* _Task statement_:
Give back the data below word for word. Any image in it should be left out.

* _Input data_:
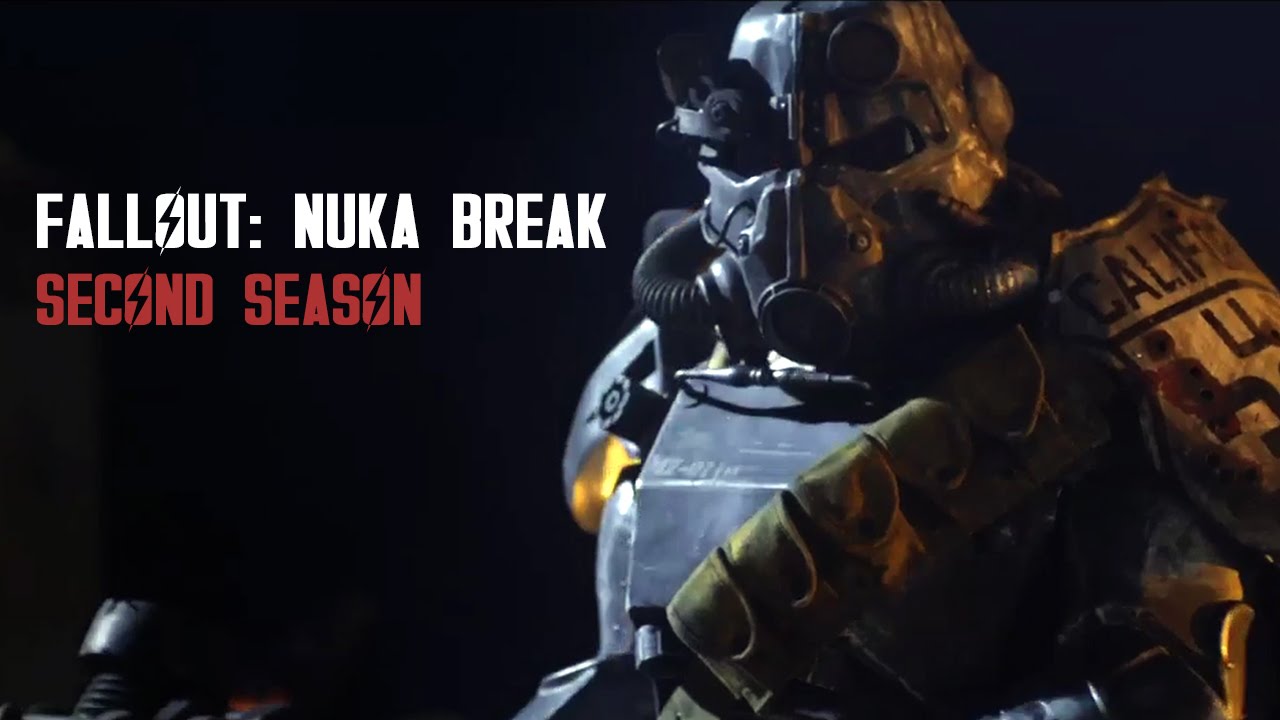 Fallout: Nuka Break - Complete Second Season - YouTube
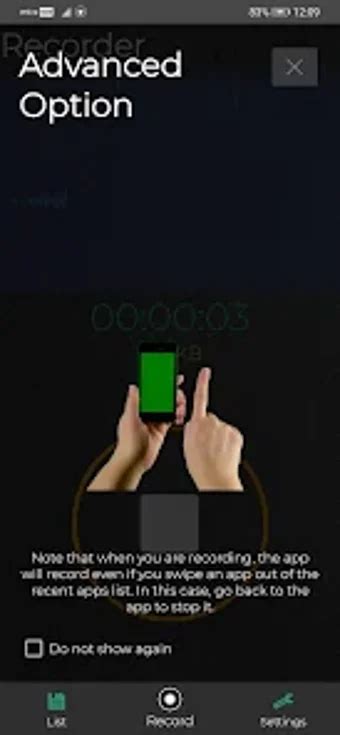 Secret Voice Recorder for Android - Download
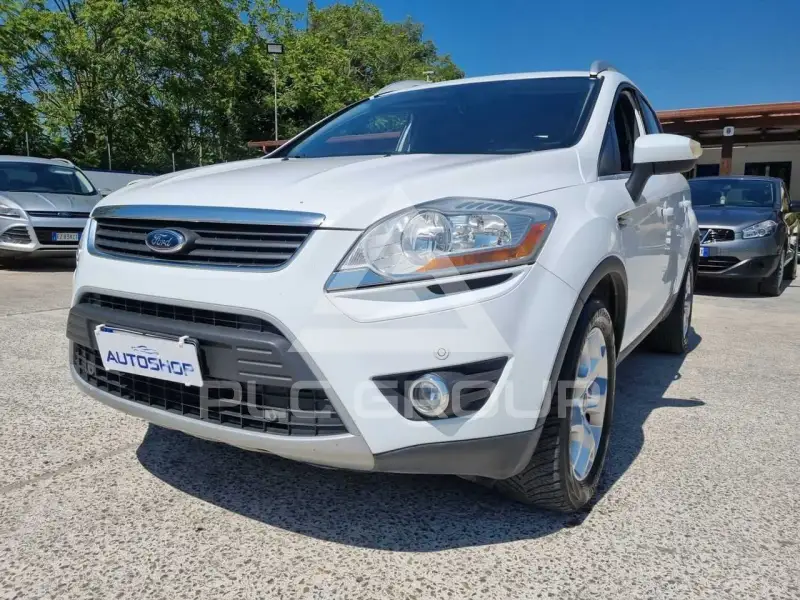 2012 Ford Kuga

* _Expected answer_:
 Fallout: Nuka Break - Complete Second Season - YouTube
 Secret Voice Recorder for Android - Download
 2012 Ford Kuga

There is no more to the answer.